I’ve never been shy about explaining how Gerry’s cancer, as scary and terrible as it was/is, was in many ways a gift to our family.  We don’t hesitate to tell each other we love each other, we know that time is never on our side.

So this morning I contemplate a nice amount of hand-sewing to finish my dress, and I ponder how lucky I am in the midsts of such a scary shit-storm of malignancy.  Please don’t think I’m a Pollyanna, I’m having a rough time dealing with many aspects of this journey I’m on, but I KNOW how ungrateful I’d be to NOT recognize how fortunate I am, too!

Fundraiser
We still haven’t heard whether I’m approved for SSDI, but I’m crossing my fingers.  Until then, life is a bit scary because so much of my projected income this year was going to be from classes I was going to teach at various fiber shows.  Add to that the medical expenses (it feels as though every week I’m dropping another $150 or $200 for copays and not-entirely-covered procedures.

If I DO quality for SSDI, the kicker is that it will be at a pretty low rate since I’ve been self employed while caregiving for Gerry for the past 12 years.  In our Social Security System, women who care for family members NEVER get a break, and it stinks.

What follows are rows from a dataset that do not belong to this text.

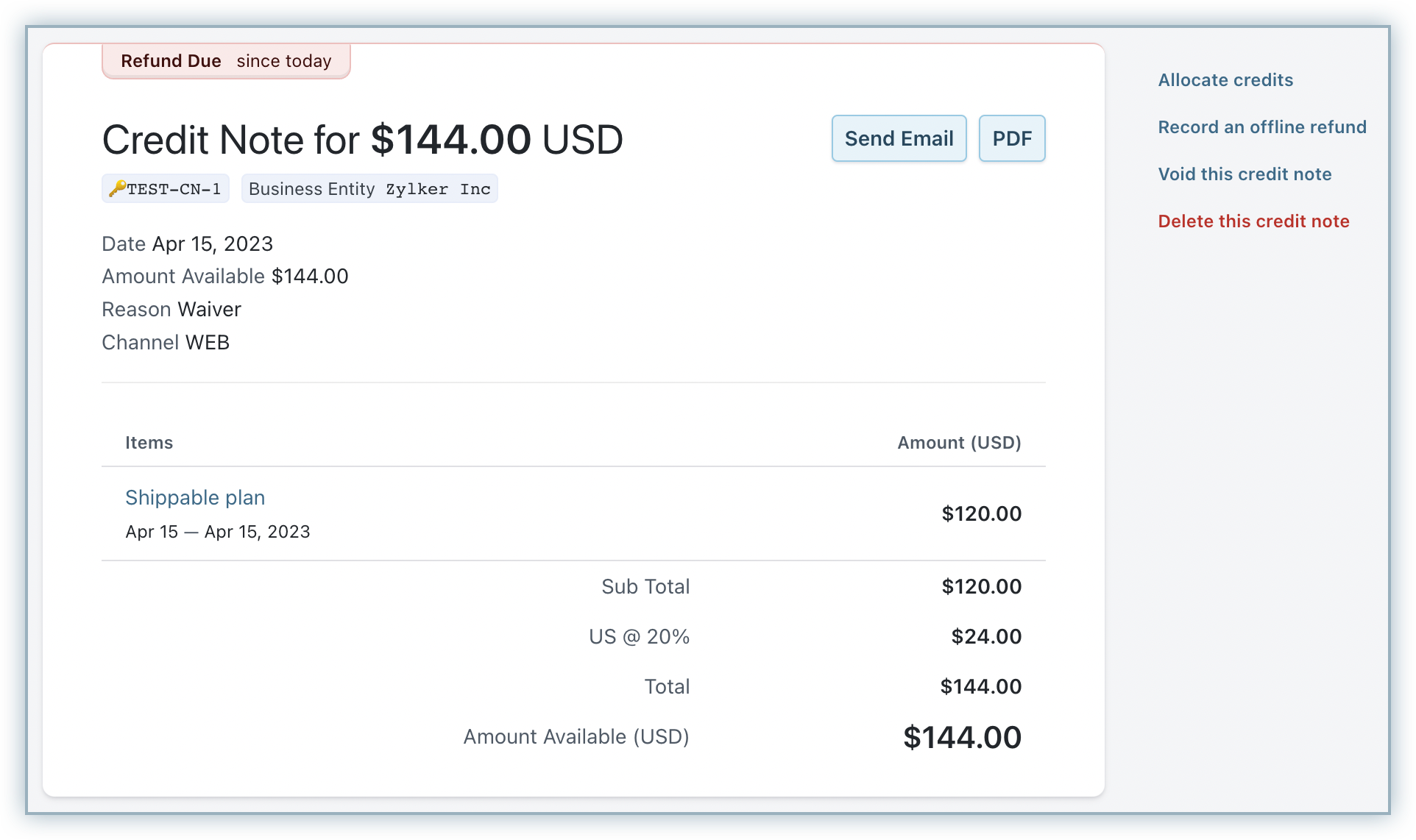 Credit Notes - Chargebee Docs Regarding Credit Note Template Doc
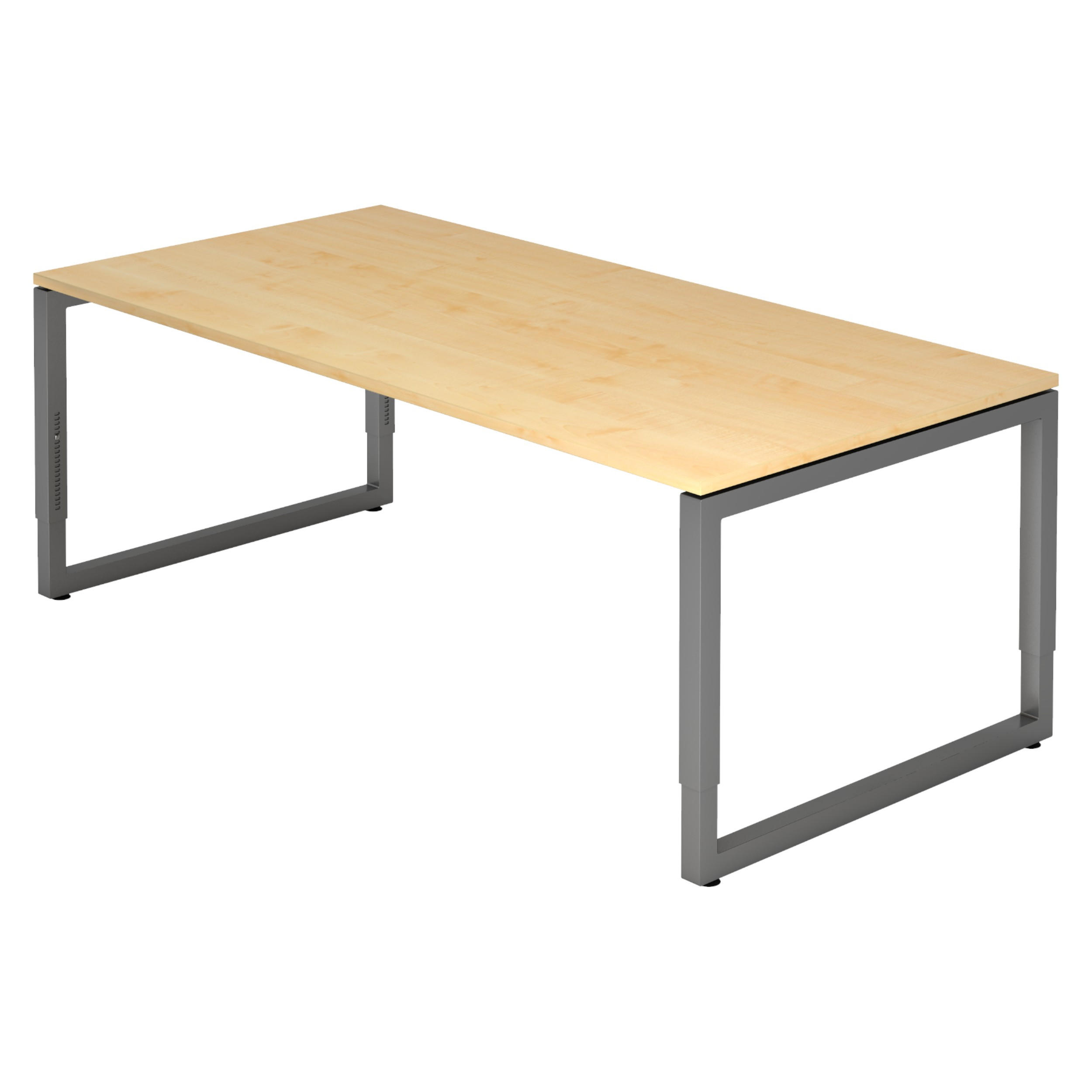 SCHREIBTISCH Serie-R 100/200/74 cm in Ahornfarben/Graphitfarben - Ahornfarben/Graphitfarben, Holzwerkstoff (100/200/74cm) - bümö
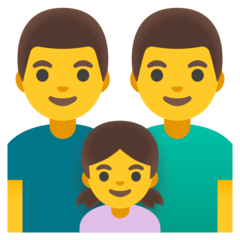 How Family: Man, Man, Girl emoji looks on Google.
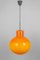 Large Opal Orange Ball Pendant Light attributed to Doria, Germany, 1970s 6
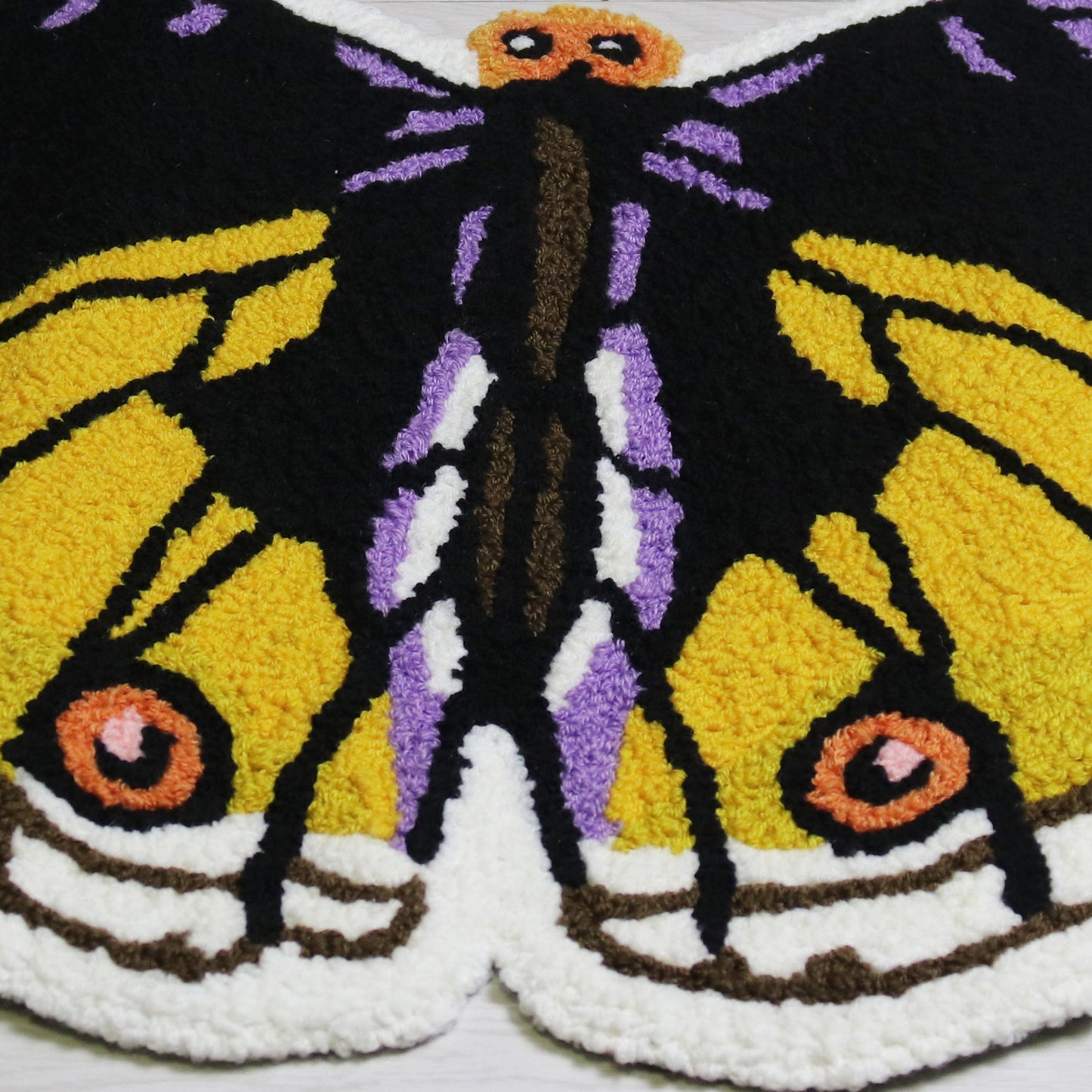 Feblilac Yellow Butterfly Tufted Bath Mat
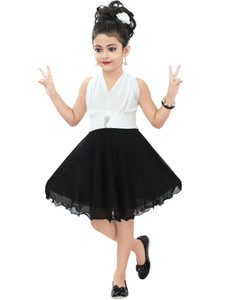 chandrika girls midiknee length casual dress white sleeveless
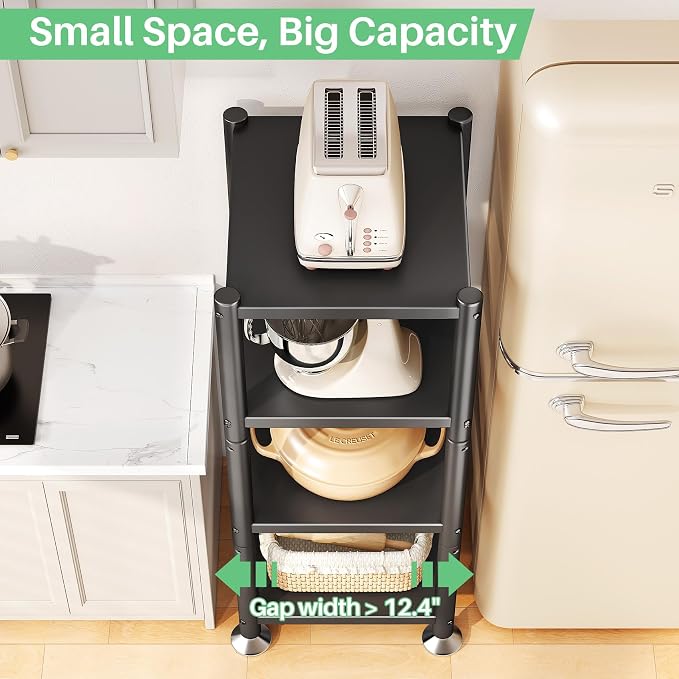 PXRACK Storage Shelves with Rolling Wheels, Adjustable 4 Tier Metal Shelving Unit for Storage Heavy Duty, Small Storage Rack Shelf for Corner of The Kitchen Bathroom Living Room Garage Office, Black - Image 9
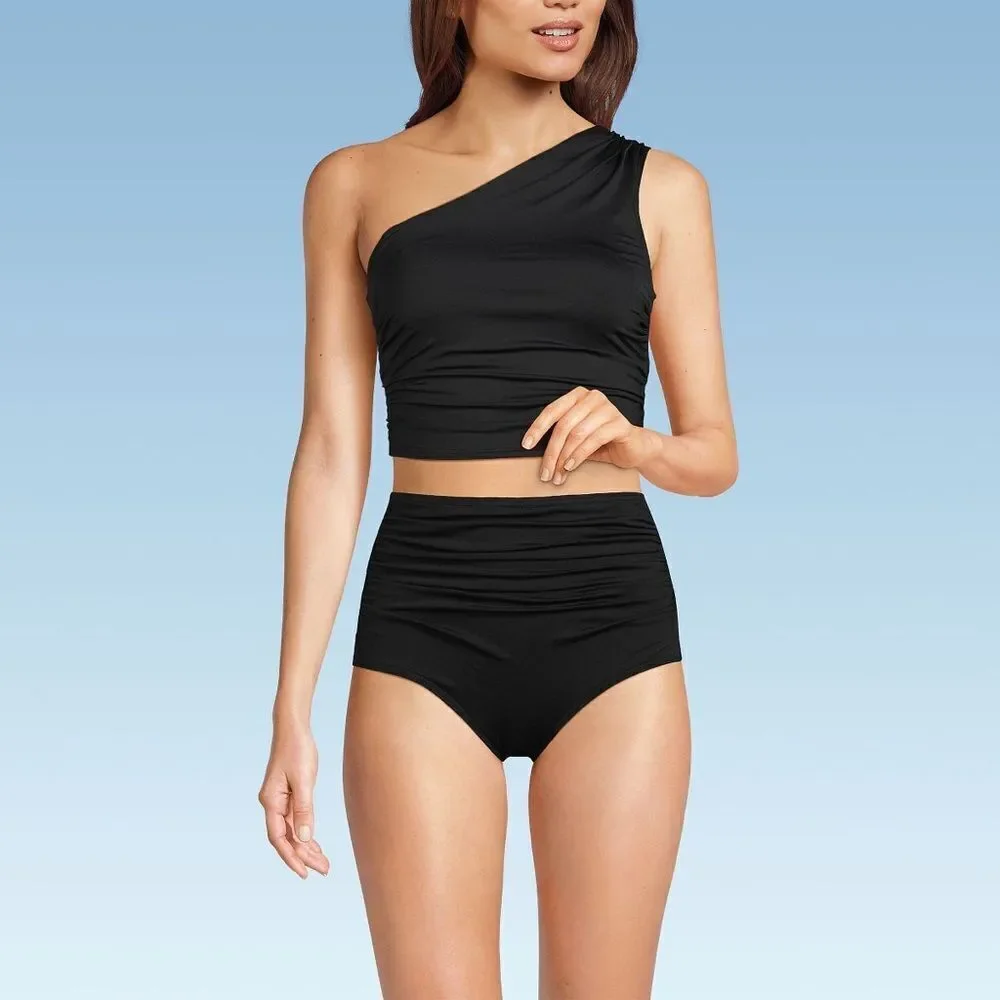 Land’s End multi way one shoulder adjustable strap soft tankini Top Black Var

Compared to what this adventure MIGHT be without insurance, we are lucky.  But it’s terrifying to see the bank balance go in one direction when I’ve been so used to seeing it rise and fall (like everyone else does, I’m sure!)

When I mentioned that I wanted to do a knit along, I hadn’t really thought it through – especially not as a fundraiser!  But the amazing folks at Mason Dixon Knitting (Hi Kay!! Hi Ann!) picked up on this and put it out there as a quick and easy fundraiser!

That was absolutely brilliant, and so many folks have responded by purchasing the Split Cable Wimple Pattern (currently $4.00 until I start my Chemo)  Thank you to EVERYONE, I can only say how humbled and grateful I am to each of you, and to the exceptionally kind folks who have also donated to my Paypal Fundraiser.  I feel crass even talking about it, but YOU are helping me pay my co-pays.  YOU are helping us put gas in the car for doctor visits.  THANK YOU.